Work to be completed: Exactly as written, reproduce the lines from the one that contains "Árvore Pinheiro De" through the end of the records.

Records for this exercise:

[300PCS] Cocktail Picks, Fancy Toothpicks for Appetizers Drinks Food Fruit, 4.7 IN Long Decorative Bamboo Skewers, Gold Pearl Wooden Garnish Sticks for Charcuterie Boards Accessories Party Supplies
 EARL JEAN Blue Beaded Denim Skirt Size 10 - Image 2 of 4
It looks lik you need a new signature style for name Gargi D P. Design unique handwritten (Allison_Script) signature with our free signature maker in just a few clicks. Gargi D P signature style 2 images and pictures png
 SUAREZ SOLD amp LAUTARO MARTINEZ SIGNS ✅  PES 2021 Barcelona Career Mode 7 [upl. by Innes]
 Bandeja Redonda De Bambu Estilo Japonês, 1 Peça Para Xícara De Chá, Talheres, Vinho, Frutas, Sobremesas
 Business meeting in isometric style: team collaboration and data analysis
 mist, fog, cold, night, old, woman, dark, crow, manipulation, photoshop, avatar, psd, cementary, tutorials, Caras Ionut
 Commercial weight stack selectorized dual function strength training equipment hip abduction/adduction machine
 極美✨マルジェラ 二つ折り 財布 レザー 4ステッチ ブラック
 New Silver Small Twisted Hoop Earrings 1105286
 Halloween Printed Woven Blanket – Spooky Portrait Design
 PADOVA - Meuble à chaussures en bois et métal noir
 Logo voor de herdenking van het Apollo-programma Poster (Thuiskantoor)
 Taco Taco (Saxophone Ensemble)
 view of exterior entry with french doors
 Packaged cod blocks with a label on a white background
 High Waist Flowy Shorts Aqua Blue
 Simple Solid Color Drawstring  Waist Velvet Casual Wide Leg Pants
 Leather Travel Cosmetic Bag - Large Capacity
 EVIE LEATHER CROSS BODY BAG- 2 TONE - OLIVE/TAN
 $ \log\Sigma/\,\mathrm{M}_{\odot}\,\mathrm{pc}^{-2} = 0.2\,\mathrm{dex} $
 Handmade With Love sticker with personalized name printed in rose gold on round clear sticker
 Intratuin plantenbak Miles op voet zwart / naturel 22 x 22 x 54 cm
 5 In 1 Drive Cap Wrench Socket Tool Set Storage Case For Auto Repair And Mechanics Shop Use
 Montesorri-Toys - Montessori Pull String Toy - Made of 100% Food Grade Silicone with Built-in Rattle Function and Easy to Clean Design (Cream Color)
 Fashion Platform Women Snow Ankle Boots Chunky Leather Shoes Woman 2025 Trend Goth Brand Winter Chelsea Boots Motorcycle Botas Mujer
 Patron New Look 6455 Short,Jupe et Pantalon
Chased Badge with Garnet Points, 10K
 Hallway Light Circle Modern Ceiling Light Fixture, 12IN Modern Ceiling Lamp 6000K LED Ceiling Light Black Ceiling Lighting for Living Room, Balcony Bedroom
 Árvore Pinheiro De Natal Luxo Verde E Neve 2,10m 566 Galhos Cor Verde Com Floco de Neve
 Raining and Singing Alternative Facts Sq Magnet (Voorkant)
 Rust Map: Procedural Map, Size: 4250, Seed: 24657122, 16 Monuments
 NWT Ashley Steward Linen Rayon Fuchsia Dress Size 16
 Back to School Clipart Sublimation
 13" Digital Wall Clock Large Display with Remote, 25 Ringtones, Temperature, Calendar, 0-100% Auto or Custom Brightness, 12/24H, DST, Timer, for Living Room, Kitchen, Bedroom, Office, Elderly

Answer section:
 Árvore Pinheiro De Natal Luxo Verde E Neve 2,10m 566 Galhos Cor Verde Com Floco de Neve
 Raining and Singing Alternative Facts Sq Magnet (Voorkant)
 Rust Map: Procedural Map, Size: 4250, Seed: 24657122, 16 Monuments
 NWT Ashley Steward Linen Rayon Fuchsia Dress Size 16
 Back to School Clipart Sublimation
 13" Digital Wall Clock Large Display with Remote, 25 Ringtones, Temperature, Calendar, 0-100% Auto or Custom Brightness, 12/24H, DST, Timer, for Living Room, Kitchen, Bedroom, Office, Elderly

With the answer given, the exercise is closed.